No company has refined the art of influencing others to make changes like Google.  Lets face it as a searcher, they have convinced you that you are searching wrong.  If you don’t see the results you want on the first page of results you don’t dig deeper, they have created an environment where you change what you are looking for.

When Google wanted to stop having to show people using mobile search badly formatted, mobile unfriendly pages, they announced that these pages would be penalized in search results.  In response, millions of websites decided to get up off their collective butts and made the changes necessary to become mobile friendly.

When Google got sick of having to put slow loading pages in their search results that annoyed their users, they announced that site performance would be a part of the ranking algorithms.  So businesses started taking website performance seriously.

Now they are at it again.

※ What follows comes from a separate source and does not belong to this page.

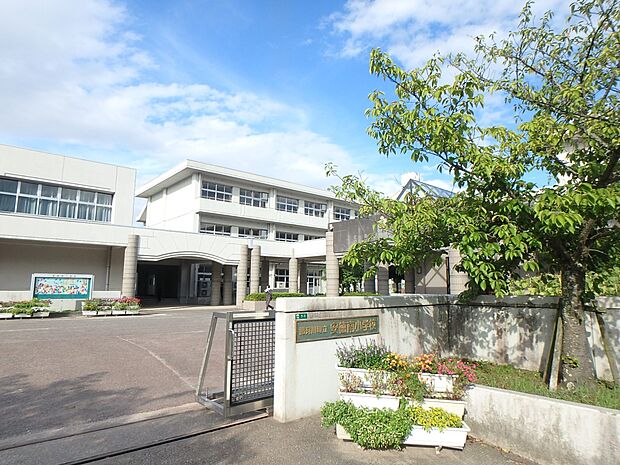 那珂川市立安徳南小学校（約550m・徒歩7分）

With the July 2018 update to Chrome, Google will go from the little grey circle with an exclamation point, to straight up telling its users that the page in question is “Not Secure.” At least they didn’t go with the nice bright red letters and a red warning triangle that they originally hinted at in 2016 but that isn’t off the table yet..

Google Chrome will display the following alert in the for non-https pages URL bar following update number 68 coming in July 2018.

They have been hinting at this since late in 2016. But now it is set to go live.  In 2017 they started doing this with pages that had forms or other elements that should have been secured. Now they will do this with all HTTP pages.

Google Chrome is currently the most widely adopted/used internet browser (around the world and just here in the US).  So this means that the browser is going to be shining a big spotlight on non-secure pages to all of its users.

The next step that Google has announced (no timeline yet) is going to be surfacing the non-secure site warnings in their search results.

Luckily setting up an SSL Certificate for your website gets easier and easier every day and services like Let’s Encrypt attempt to make the pricing comfortable for a wide range of businesses.